In the interest-bearing capital, the movement of capital is contracted. The intervening process is omitted. In this way a capital of 1,000 appears with the fixed faculty of being of itself 1,100 and converting itself after a certain period into 1,100, just as wine in a cellar improves its use-value after a certain period. Capital is then a thing, which is of itself capital. The money is then pregnant. As soon as it has been loaned, or invested in the process of reproduction (when it yields interest to its owner separate from profit of enterprise for his function as investing capitalist), the interest accumulates, whether it be awake or asleep, at home or abroad, day or night. In the interest-bearing money capital, then, the fervent wish of the hoarding miser is fulfilled (and all capital is money-capital, so far as the expression of its value is concerned, or is considered as the expression of money-capital).
It is this inherent dwelling of interest in money-capital as a thing (and this is the aspect here assumed by the production of surplus-value by capital), which engages Luther’s attention so much in his naive thundering against usury. After demonstrating, that interest may be demanded, when failure to pay back a loan to a lender, who has to meet a certain payment himself, caused a loss to him, or when he might have made a profit on a bargain, for instance in buying a garden, but lost it for the reason that the borrower failed to return
the loan on time, Luther continues: “Now that I have loaned you 100 guilders, you make good my double loss due to the fact that I could not pay on one side and not buy on the other, so that I had to lose on both sides, and this is called double interest, for loss sustained and gain stopped….Having heard that John lost on his loan of 100 guilders and demands just damages, they rush in and charge double interest on every 100 guilders, which interest was only charged for the loss due to nonpayment and to inability to make a profit on a bargain,
just as though every 100 guilders could naturally grow double interest, so that whenever they have 100 guilders, they loan them out and charge for two losses, which they have not at all sustained….Therefore you are a usurer, who takes damages out of his neighbor’s money for an imaginary loss that you did not sustain at all, and which you can neither prove nor calculate. This sort of loss is called by the jurists
not true, but fantastical interest. It is a loss of which each dreams for himself….It will not do to say that you might incur a loss, because I might not have been able to pay or buy. That would be making something out of a thing that is not so, a thing that is uncertain into a thing that is absolutely sure. Such usury would eat up the world in a few years….If the lender accidentally incurs a loss, without his fault, he may demand damages for it, but it is different in trade and just the reverse. There they scheme to profit at the expense of their needy neighbors, how to amass wealth and get rich, to be lazy and idle and live in luxury on the labor of others, without any care, danger and loss. To sit behind the stove and let my 100 guilders gather wealth for me in the country and yet keep them in my pocket, because they are only loaned, without any danger or risk, my friend, who would not like to do that!” (Martin Luther,
An die Pfarherrn wider den Wucher zu predigen, etc., Wittenberg, 1540.)

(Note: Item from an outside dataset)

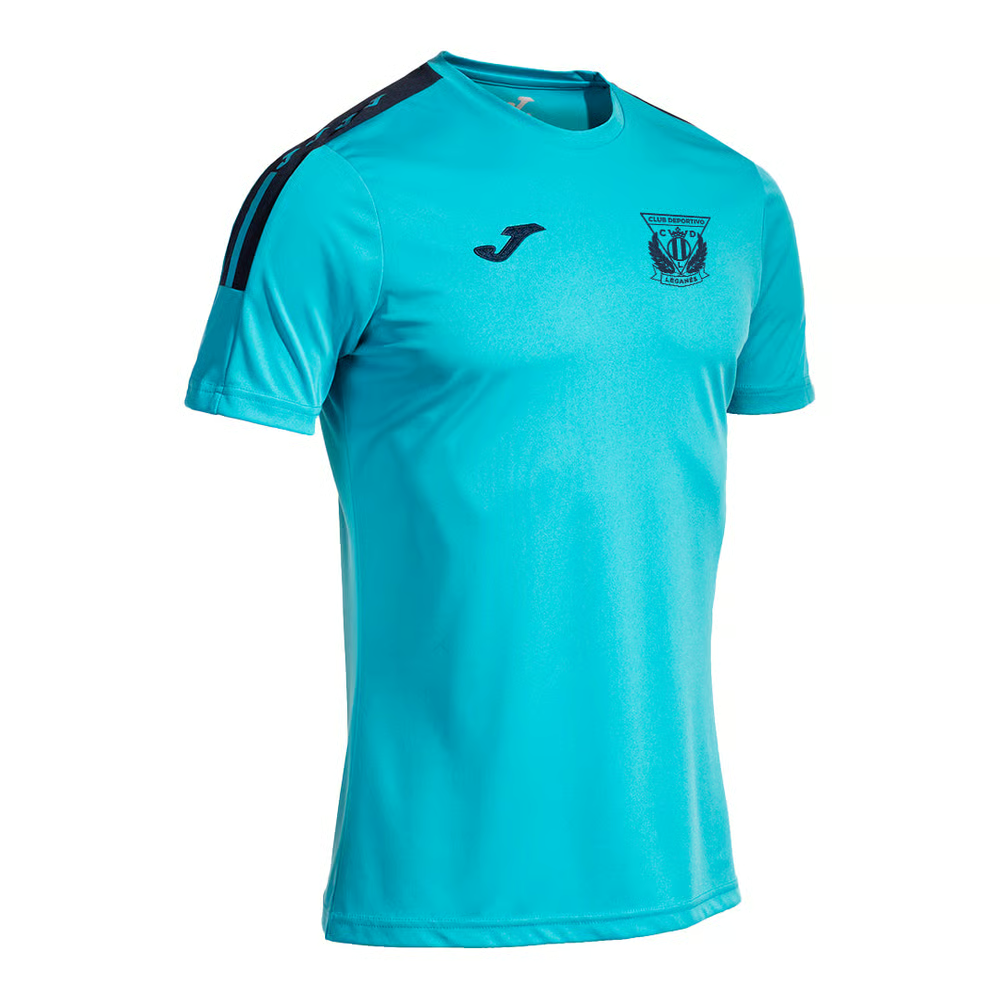 Damen CD Leganés 2024/25 Drittes Authentisches Trainingsshirt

The idea of capital as a self-reproducing and thereby self-expanding value, lasting and growing eternally by virtue of its inherent power—by virtue of the hidden faculties of the scholastics—has led to the fabulous fancies of Dr. Price,
which far outdo the fantasies of the alchemists; fancies, in which Pitt seriously believed and which he used as pillars of his financial administration in his laws concerning the sinking fund.

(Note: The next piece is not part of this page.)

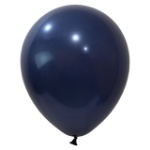 Balonky 45 cm - kosmické modré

“Money bearing compound interest grows at first slowly; but since the rate of increase is constantly accelerated, it becomes so fast after a while as to defy all imagination. A penny, loaned at the birth of our Savior at compound interest at 5%, would already have grown into a larger amount than would be contained in 150 million globes, all of solid gold. But loaned at simple interest, it would have grown only to 7 sh. 4½ d. in the same time. Hitherto our government has preferred to improve its finances in the latter instead of in the former way.”
He flies still higher in his ”
Observations on Reversionary Payments, etc., London, 1782.” There we read: “1 sh. invested at the birth of our Savior” (presumably in the Temple of Jerusalem) “at 6% compound interest would have grown to a larger amount than the entire solar system could contain, if it were transformed into a globe of the diameter of the orbit of Saturn.” “A state need never to be in difficulties on this account; for with the smallest savings it can pay the largest debt in as short a time as its interests may
demand.” (P. 136.) What a pretty theoretical introduction to the national debt of England!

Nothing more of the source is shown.